Newcastle's plan internally had been for Howe to lead their summer rebuild alongside Hopkinson and Ross Wilson, with the feeling that Howe has enough credit in the bank to be afforded the opportunity to have a summer transfer window alongside the two club chiefs.

But the trends this season are becoming impossible to ignore. Newcastle have dropped 25 points from winning positions this season. A stat Howe called 'incredible' but also did not have any answers as to why it continues to happen.

His side were flat throughout their 2-1 defeat to Crystal Palace but had they held on to their 1-0 lead, it could have given them the springboard to really attack the European places between now and the end of the season.

But their late collapse was as predictable as it was disappointing. After all, it was the seventh time this season Newcastle have lost a game in which they have taken the lead. And Jean-Philippe Mateta's two goals took the amount of goals they have conceded in the last 15 minutes of matches this term up to 18.

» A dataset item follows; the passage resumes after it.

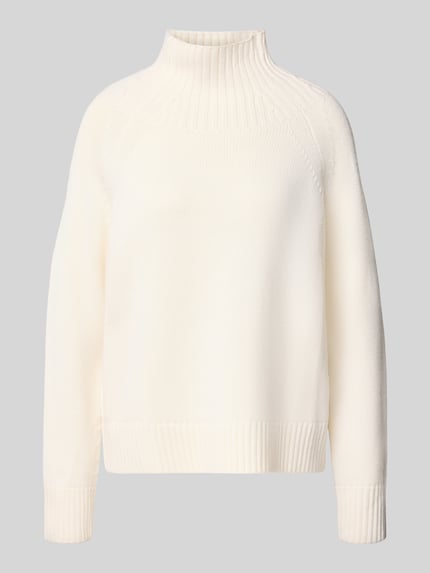 Productfoto, Strickpullover aus reinem Leinen van MICHAEL Michael Kors, losvallende fit, gebreide structuur, crèmekleurig, ribboorden, dames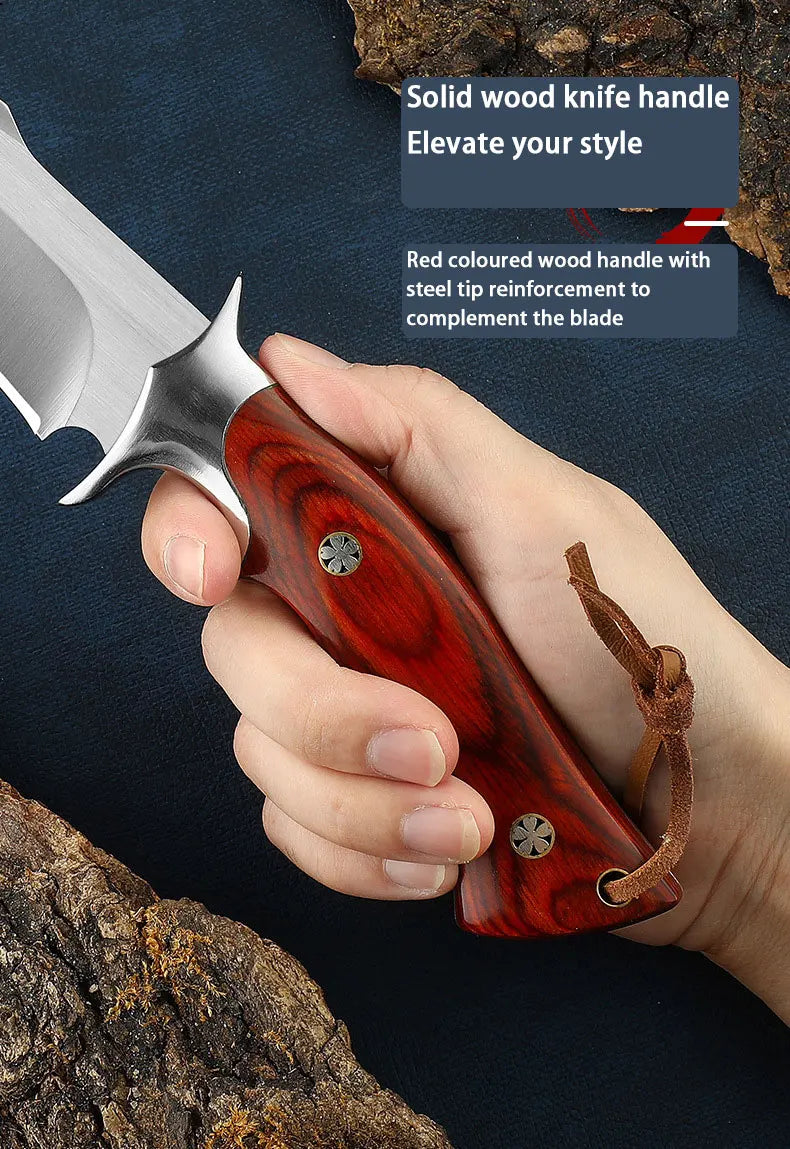 Lion King Outdoor Straight Knife Camping Survival Knife Defense Knife Mini Pocket Knife Wilderness Survival Knife m390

You can come up with all sorts of hypothetical situations of how different Newcastle's season could look right now if they had cut those numbers down but the bottom line is they are not good enough, they are not improving, and it is a situation Newcastle have found themselves in far too many times this term.

Ironically, the European places still aren't mathematically out of reach. There are six points between Newcastle and sixth place and five points between themselves and the top eight. The problem is Newcastle have shown no evidence they can string a run together in their final six matches to claw back that deficit and there are a lot of teams between themselves in 14th and eighth placed Everton for them to leapfrog.

While Howe has so often had the solutions to Newcastle's problems, that is perhaps no longer the case.

"It’s uncharacteristic of us again going on past history to defend like that," was Howe's response when analysing the two goals conceded at Selhurst Park.

Tino Livramento's error was his third in as many matches that have led to a goal. Sven Botman's ridiculous foul on Jefferson Lerma was indicative of a defender who hasn't found his best level in a Newcastle shirt for over two years.

You can pick so many more examples this season of games where individual errors have cost Newcastle defensively to suggest it is very much characteristic of this Magpies team this season.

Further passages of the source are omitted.